STUDY MATERIAL Block Start

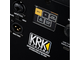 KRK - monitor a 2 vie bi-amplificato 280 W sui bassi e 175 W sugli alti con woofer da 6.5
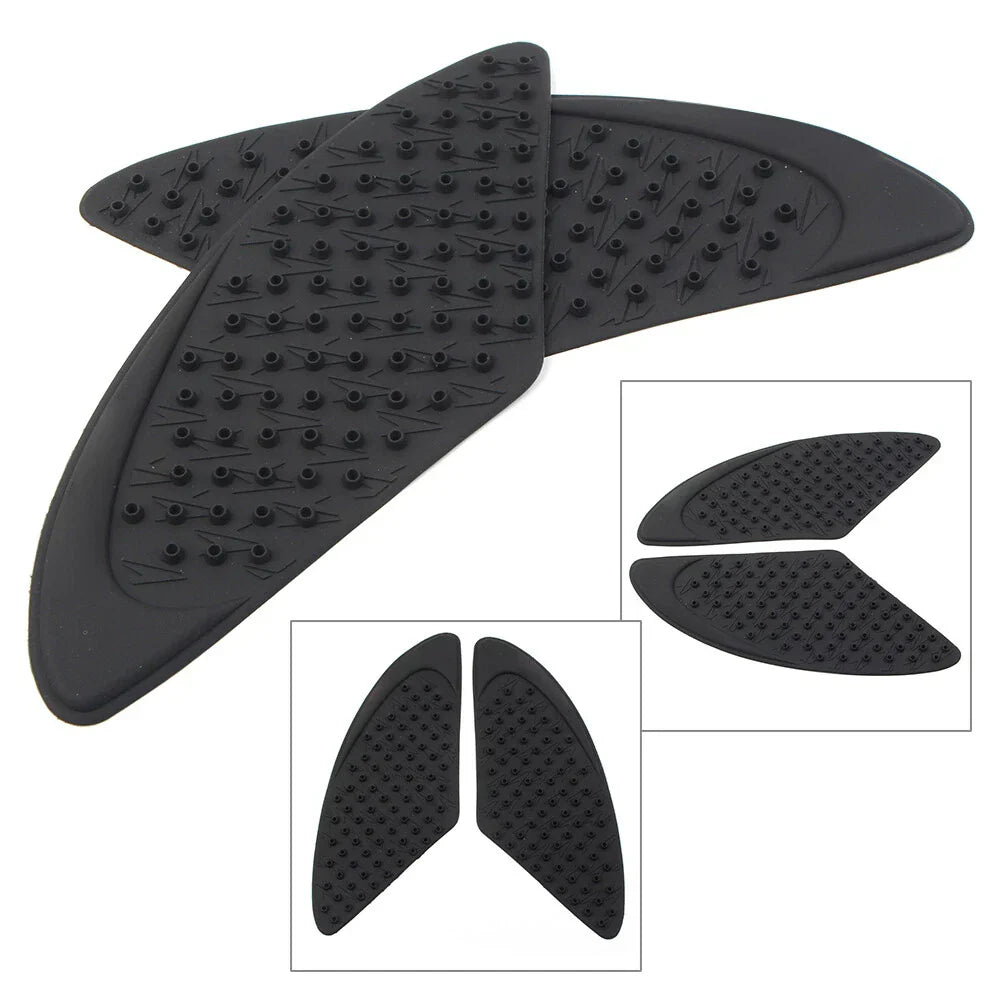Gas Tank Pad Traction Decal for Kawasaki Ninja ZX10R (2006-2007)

STUDY MATERIAL Block End
STUDY MATERIAL Block Start

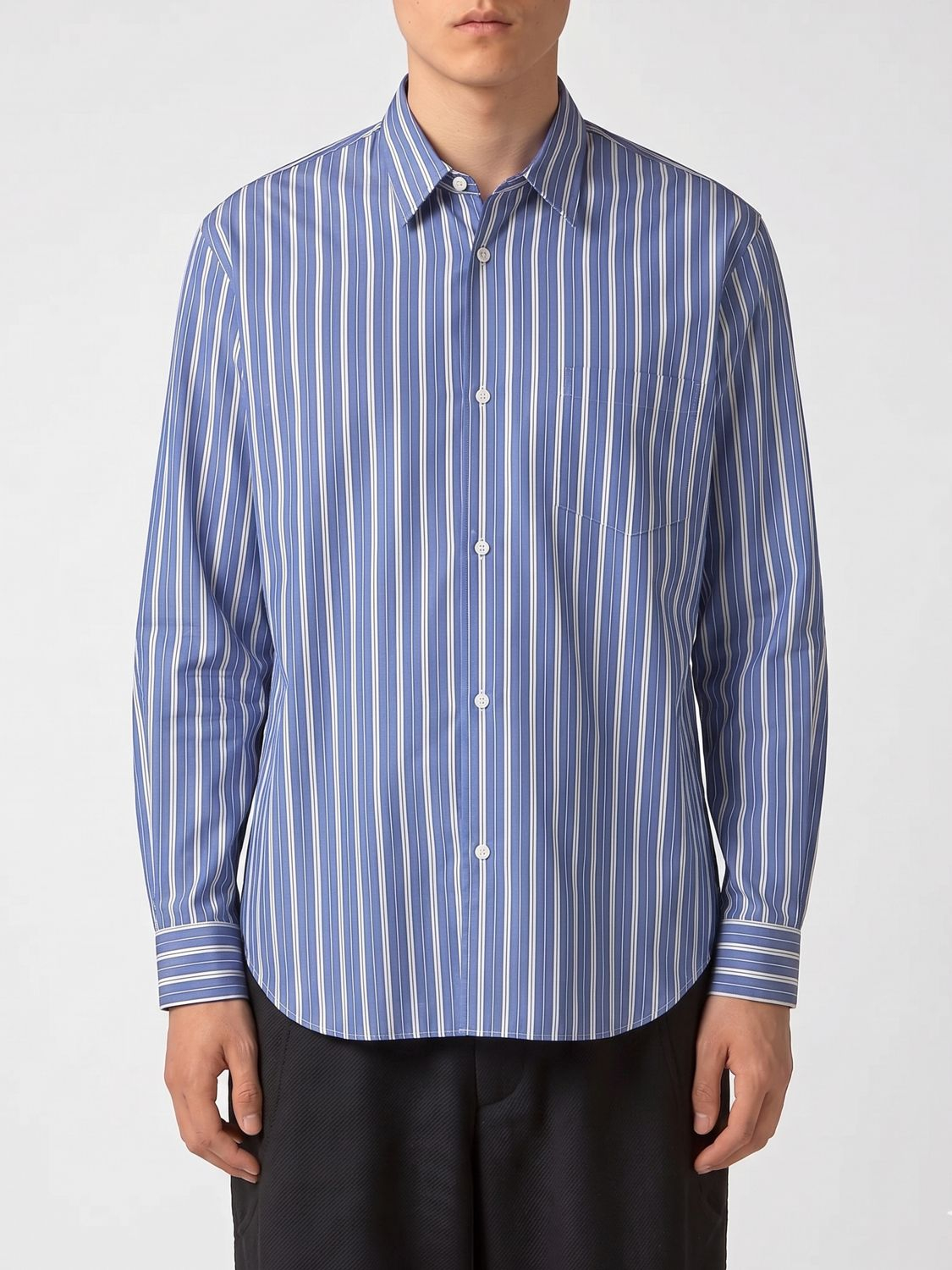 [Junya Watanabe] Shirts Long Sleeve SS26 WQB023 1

STUDY MATERIAL Block End
STUDY MATERIAL Block Start

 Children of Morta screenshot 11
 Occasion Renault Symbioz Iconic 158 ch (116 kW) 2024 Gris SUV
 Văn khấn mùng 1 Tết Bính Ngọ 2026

STUDY MATERIAL Block End

Write out again exactly the lines above from the one with "KRK - monitor" through the one with "Gas Tank Pad", adding no other lines and no pictures.

 KRK - monitor a 2 vie bi-amplificato 280 W sui bassi e 175 W sugli alti con woofer da 6.5
Gas Tank Pad Traction Decal for Kawasaki Ninja ZX10R (2006-2007)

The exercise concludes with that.